Counteracting Mrs. James' claims however Mallam Zakari Dantani who lost his daughter, Hajara, to the flood and lives directly opposite the school said "over 10 children died in the incidence", adding that "when the deluge over-flooded the classes I quickly mobilised the youths the community for a rescue operation during which we brought out five dead bodies with my daughter being the sixth".

Mallam Dantani however blamed the flood on government's total refusal to address the drainage problem which has been a recurring problem in the area. "The government embarked on road construction along the Government House axis and constructed a common outlet for flood water in the area without bothering to construct gutters to discharge the flood water to logical point".

A resident of the area Alhaji Abdullahi Bature whose daughter, Amina, was rescued even as his 11- bedroom-home was destroyed, accused the Nasarawa State Urban Development Board (NUDB) of inefficiency and corruption by allowing people to flout laid- down rules by building on drainage channels.

LEADERSHIP WEEKEND investigations revealed that the NUDB had earmarked some houses for demolition since August, 2010 but went to sleep immediately after, leaving the people to the vagaries of nature.

Governor Umaru Tanko Almakura visited the school the next day for an on-the-spot assessment and to condole with the members of the community who lost their children and those whose children sustained various degrees of injury. The Governor expressed regret at the unfortunate occurrence which he described as "unfortunate and regrettable".

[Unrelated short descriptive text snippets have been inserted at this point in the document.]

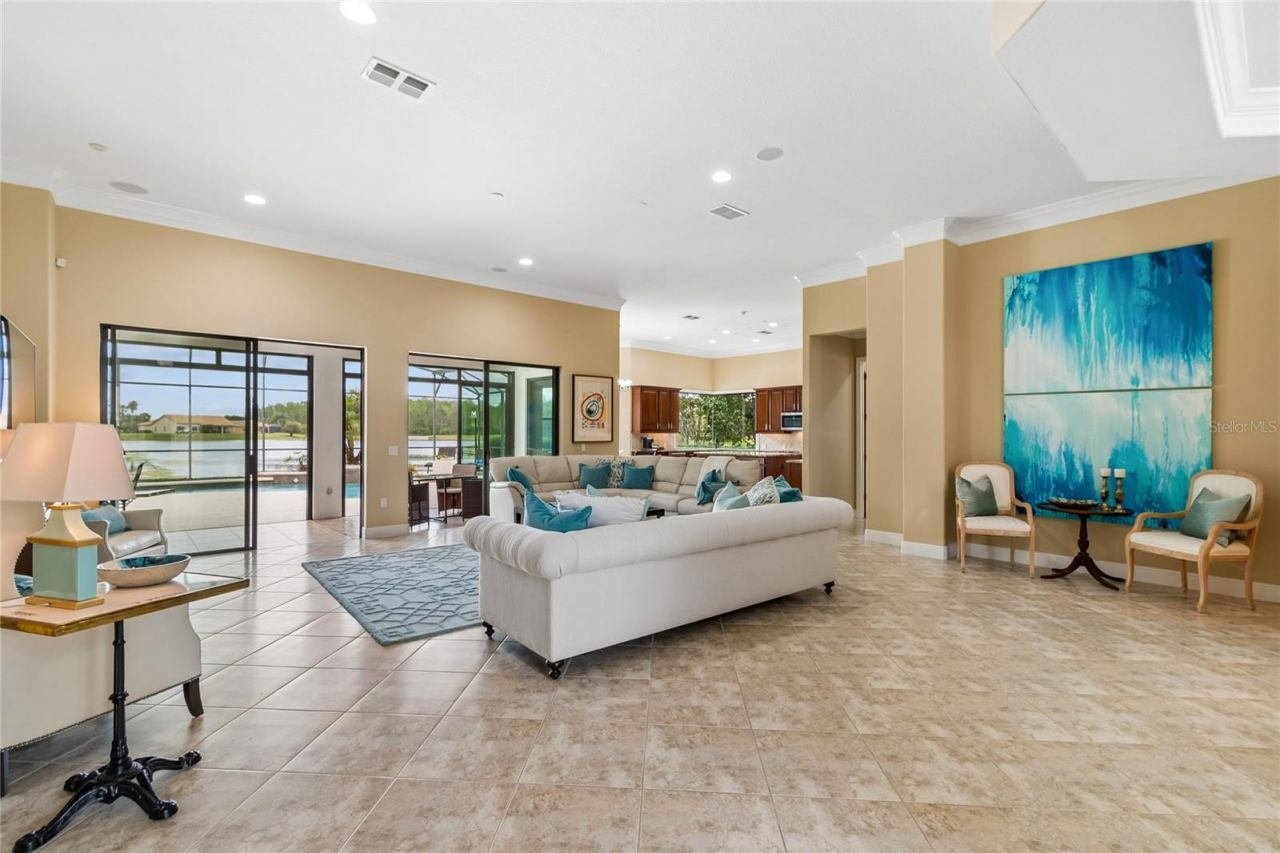 844 San Raphael St , Poinciana, FL 34759 Photo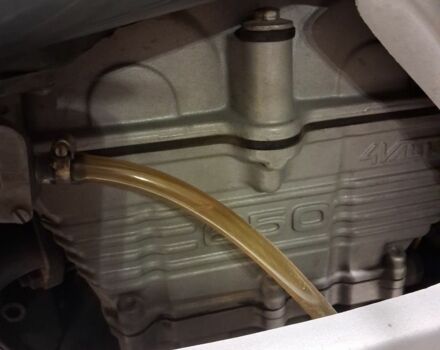 БМВ Другая, объемом двигателя 0.65 л и пробегом 0 тыс. км за 3500 $, фото 8 на Automoto.ua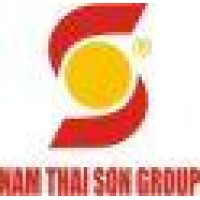 Nam Thai Son Import & Export JSC.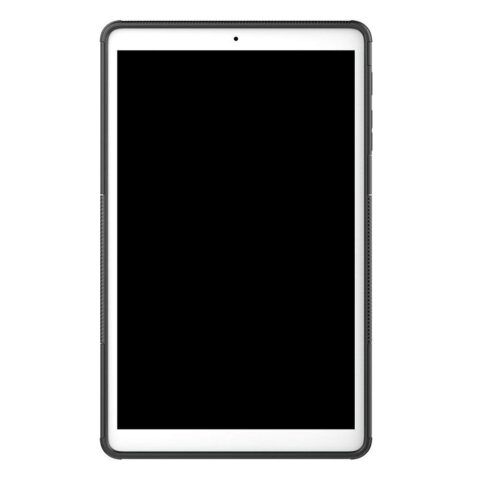 TECH-PROTECT ARMORLOK Samsung GALAXY TAB A 10.1 2019 T510/T515 - Slika 3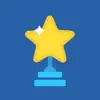 Photo de profil: Aptitude Test Updates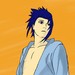 Image de profil de imrodnel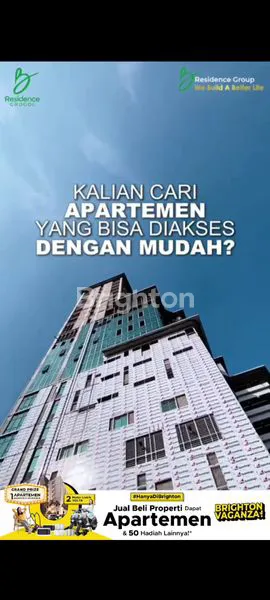 Gambar Property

Almakura acknowledged the fact that erosion has posed a big challenge to various communities across the state but his government would not leave any stone unturned in seeing that the various ecological problems besieging the state are tackled with all sense of urgency

For residents of Nru Community in Nsukka Local Government Area of Enugu State, Monday 12th June, 2012 will continue to haunt them. They are not likely to forget that day in a hurry because of the magnitude of loss visited on them by a strange windstorm that raced through the community at midnight leaving in its wake destructions.

In fact, by the time the heavy rain that followed ended, many in the community had been turned into refugees in their own land and squatters on the heaps of the ruins of their former abodes. No fewer than 40 residential houses were destroyed in the area.

Many individuals and organisations are yet to come to terms with what hit them and why. Churches, schools and community property were ravaged by the rushing winds and rain that swept everything on sight, as the community members were fast asleep. It was like a community visited by robbers in the thick of the night. The scars of that natural disaster are written all over the place: roof tops blown off, houses uprooted and landmarks torn into shred by the wild wind.

As the storms continue to rage, especially with the warning from relevant government quarters warning of more severe storms in time to come, Nigerians are at their wits end at what solution is there for them especially within a very short time. This can as well be a challenge to the government of the day which has all the apparatus to deal with disaster especially the one that is foretold.